*** Opening Working data ***
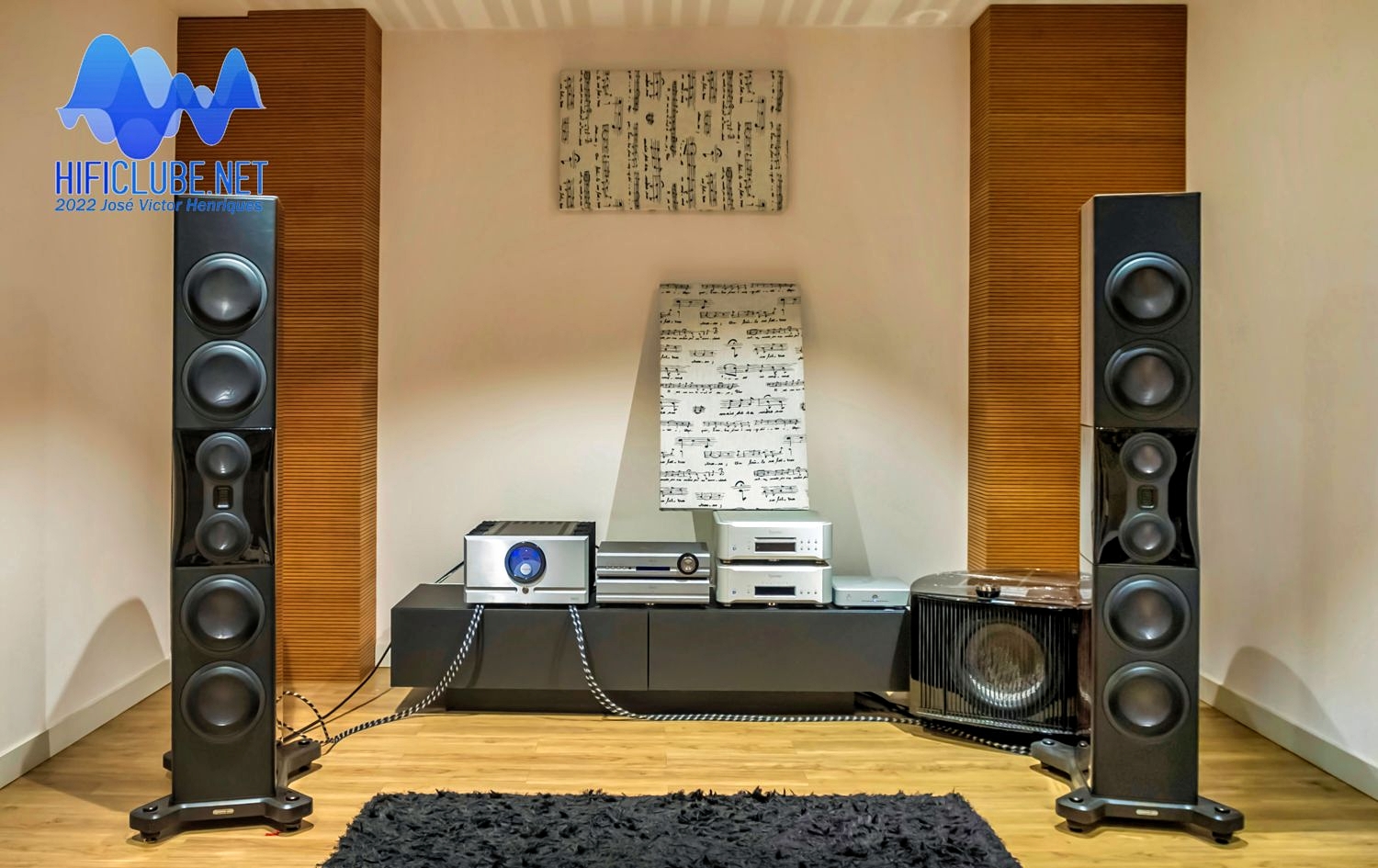 Delaudio _ Delfin's system full front.jpg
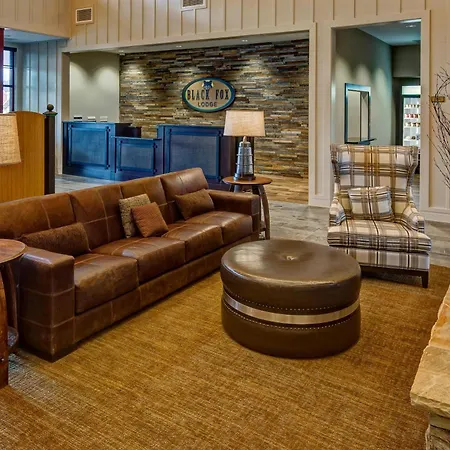 Black Fox Lodge Pigeon Forge, Tapestry Collection By Hilton-3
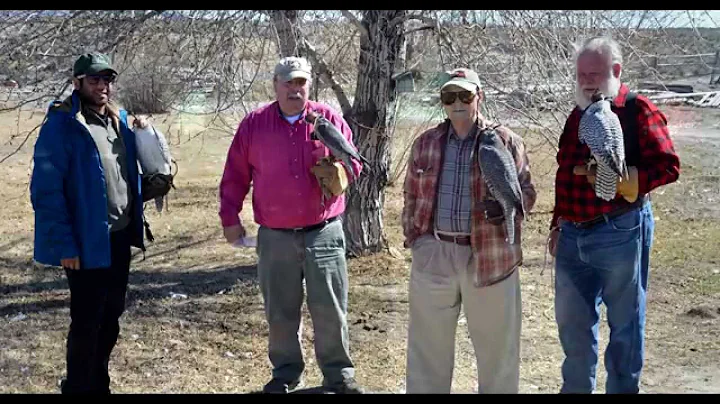 KEN STERNER MEMORIAL TRIBUTE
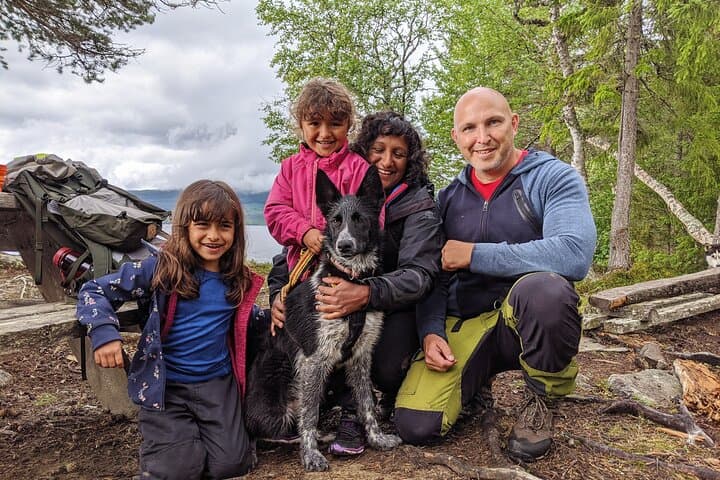 Half-Day Huskie Walk: Guided Arctic Wilderness Stroll near Åre
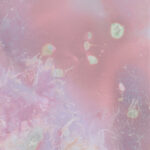 lumen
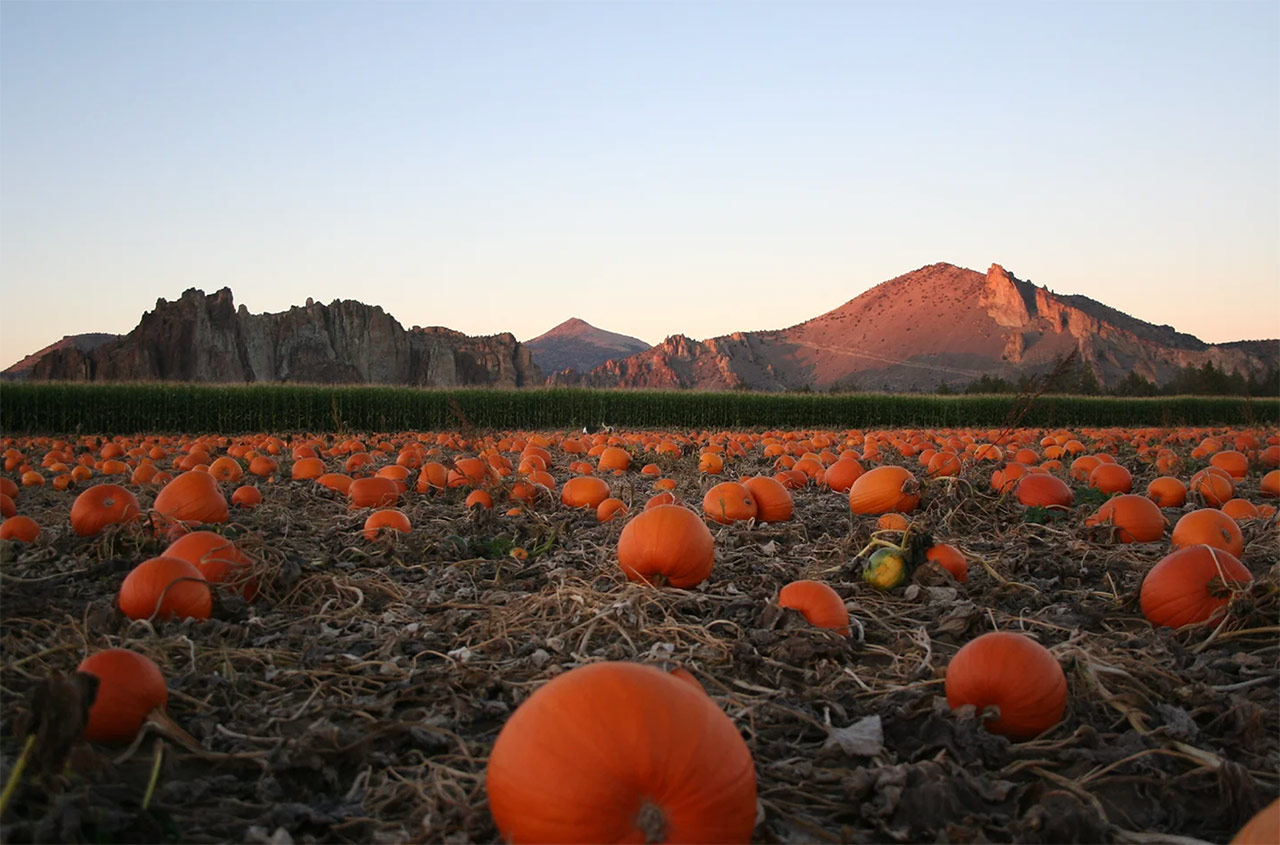 Smith Rock Ranch Pumpkin Patch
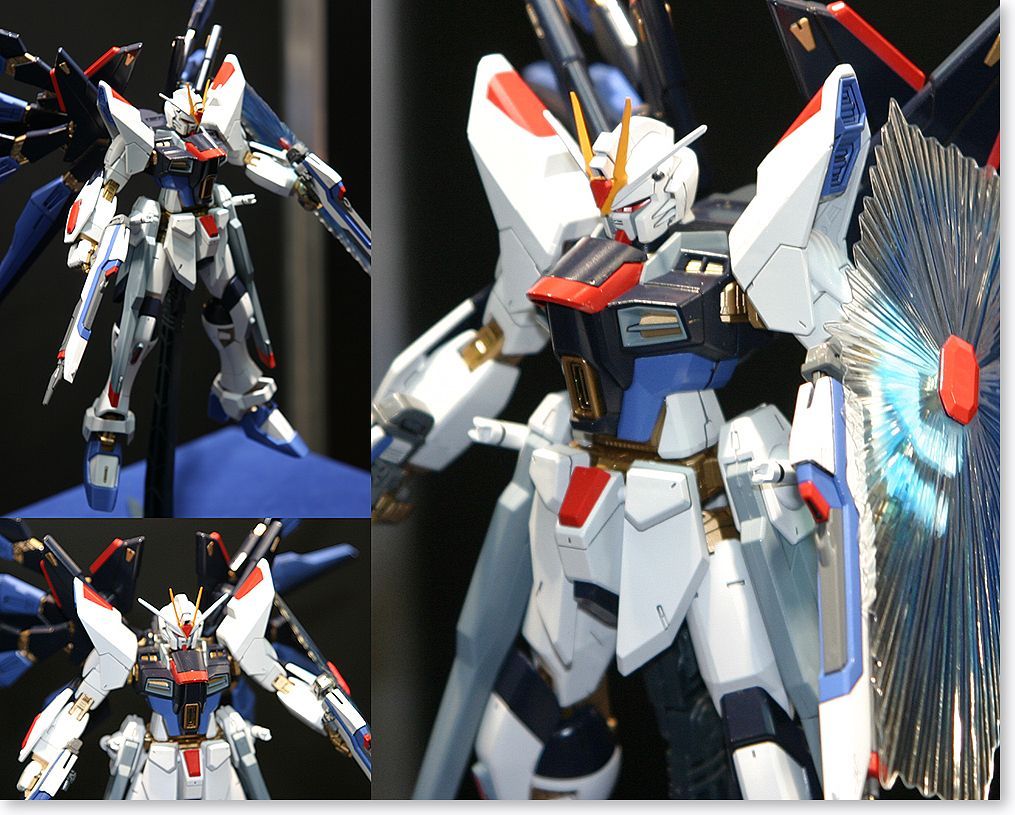 MG ZGMF-X20A Strike Freedom Gundam 1/100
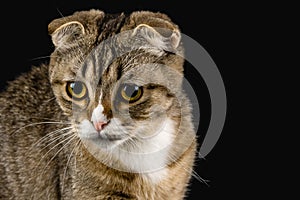 A cat with an attentive and purposeful look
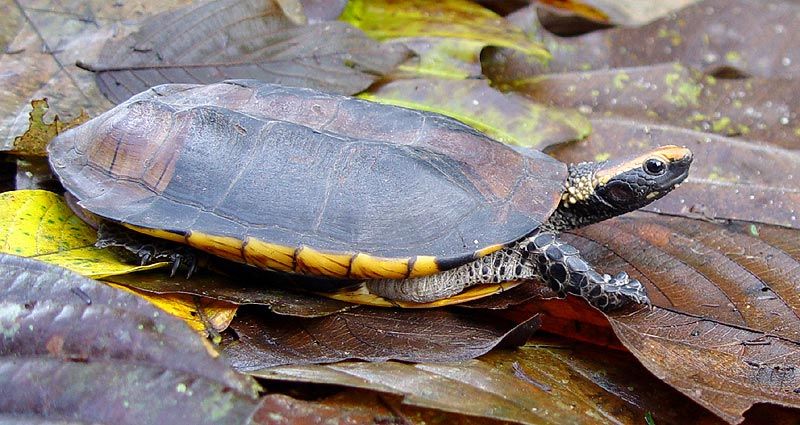 Twist Necked Turtle For Sale,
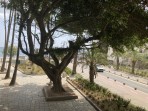 Neratzia Castle - Kos island photo 9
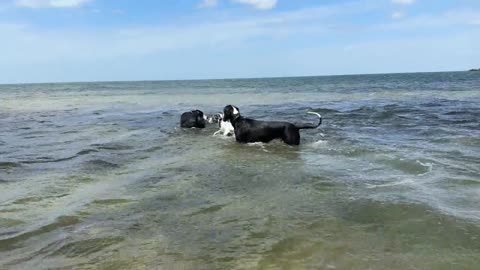 Great Danes love to bounce and splash in the surf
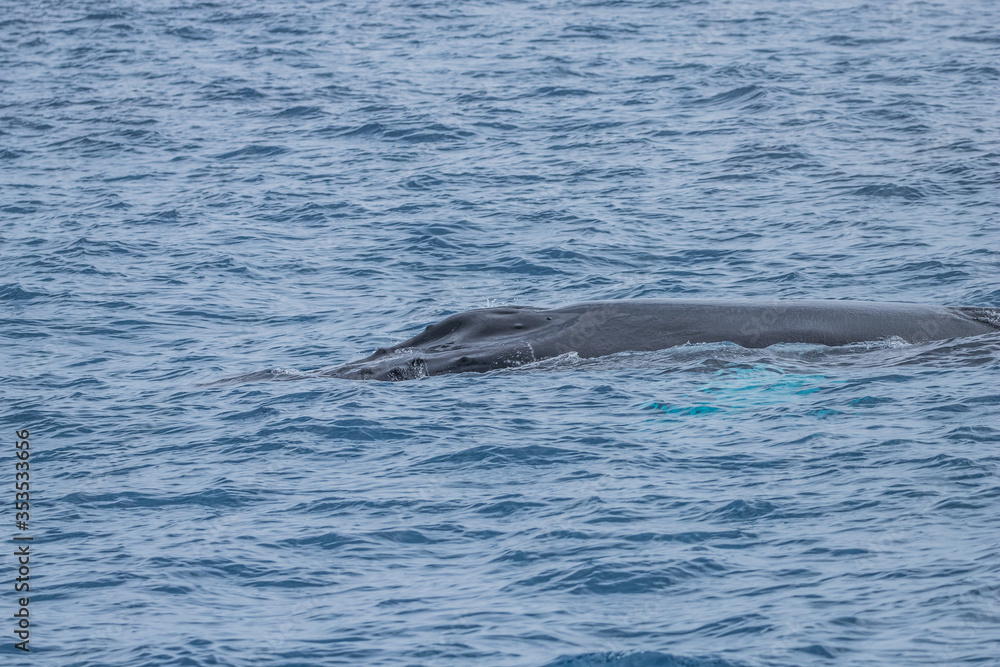 humpback whale watching in Atlantic Ocean humpback whale watching in Atlantic Ocean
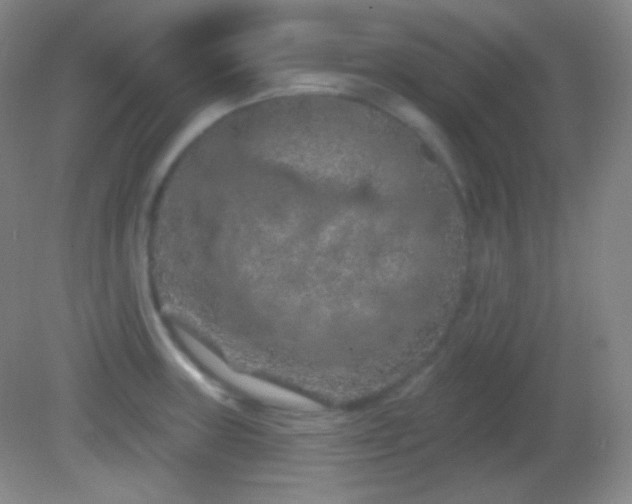 X0000082181235200701270018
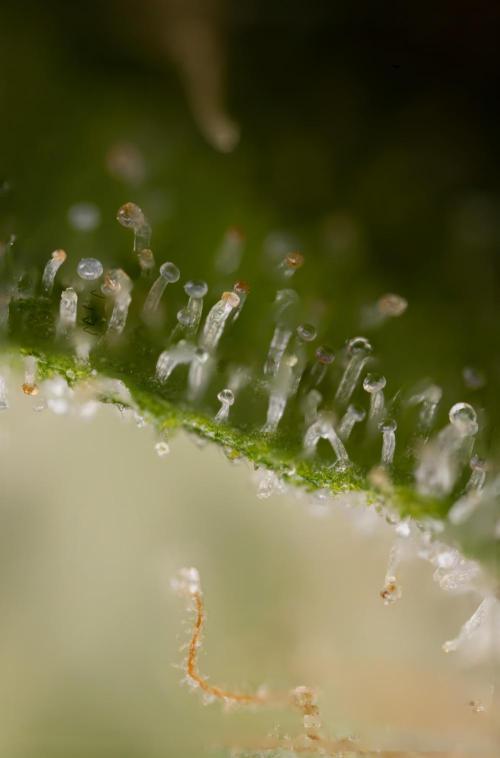 Classic Skunk 🌱  - Zamnesia x B&B. Week 12 - Classic Skunk - Plant #1 - Harvest Day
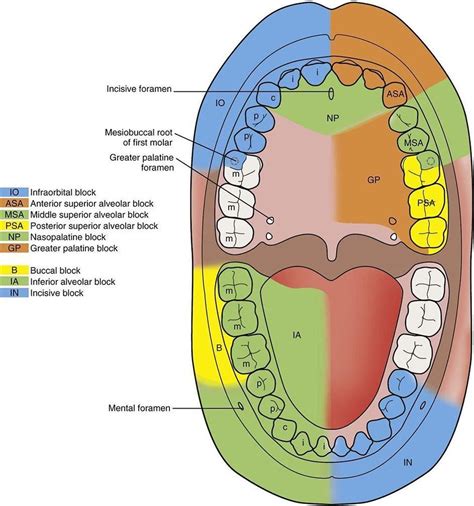 Which #block is the worse? I would have to go with the nasopalatine block brings tears to a ...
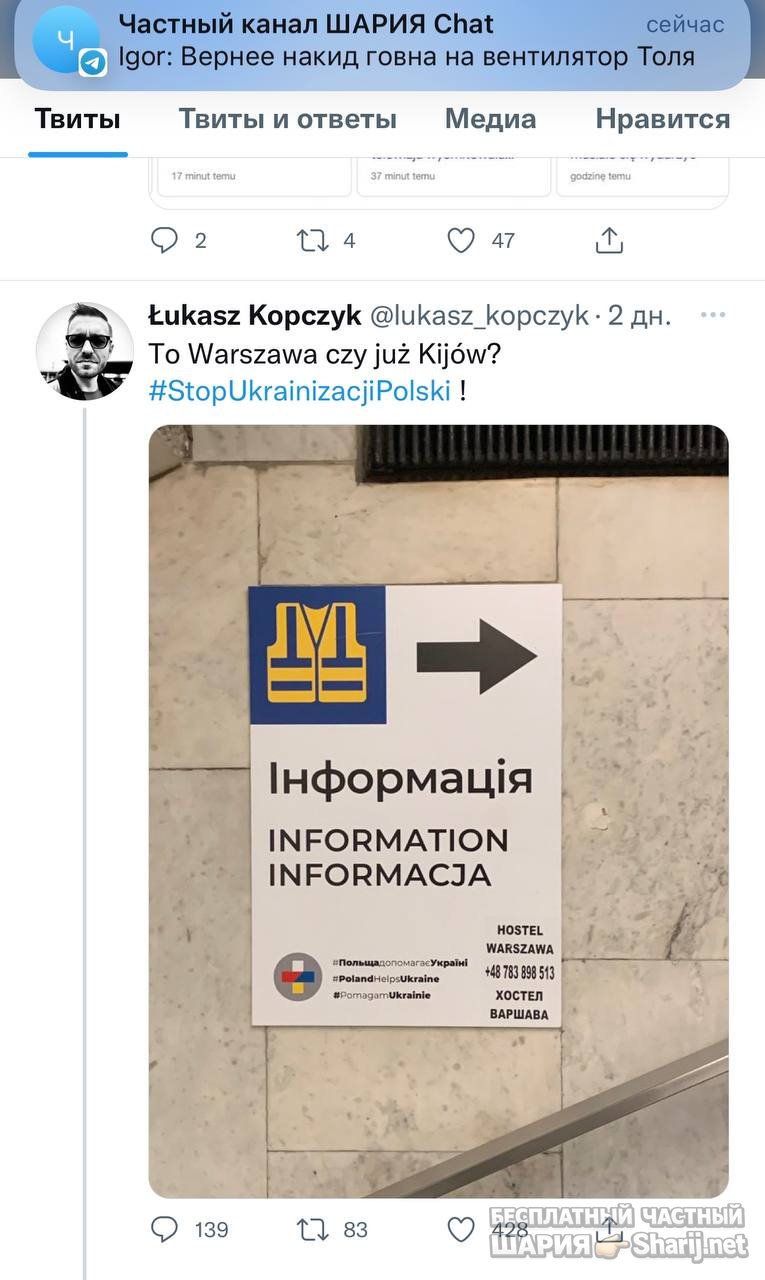 Анатолий Шарий частный канал — фото из публикации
*** Closing Working data ***
_The problem_
Pick up at the line that holds "Twist Necked Turtle" and restate each line, word for word, through the last line of the entries. Include both end lines but none of the pictures.

_The completed task_
 Twist Necked Turtle For Sale,
 Neratzia Castle - Kos island photo 9
 Great Danes love to bounce and splash in the surf
 humpback whale watching in Atlantic Ocean humpback whale watching in Atlantic Ocean
 X0000082181235200701270018
 Classic Skunk 🌱  - Zamnesia x B&B. Week 12 - Classic Skunk - Plant #1 - Harvest Day
 Which #block is the worse? I would have to go with the nasopalatine block brings tears to a ...
 Анатолий Шарий частный канал — фото из публикации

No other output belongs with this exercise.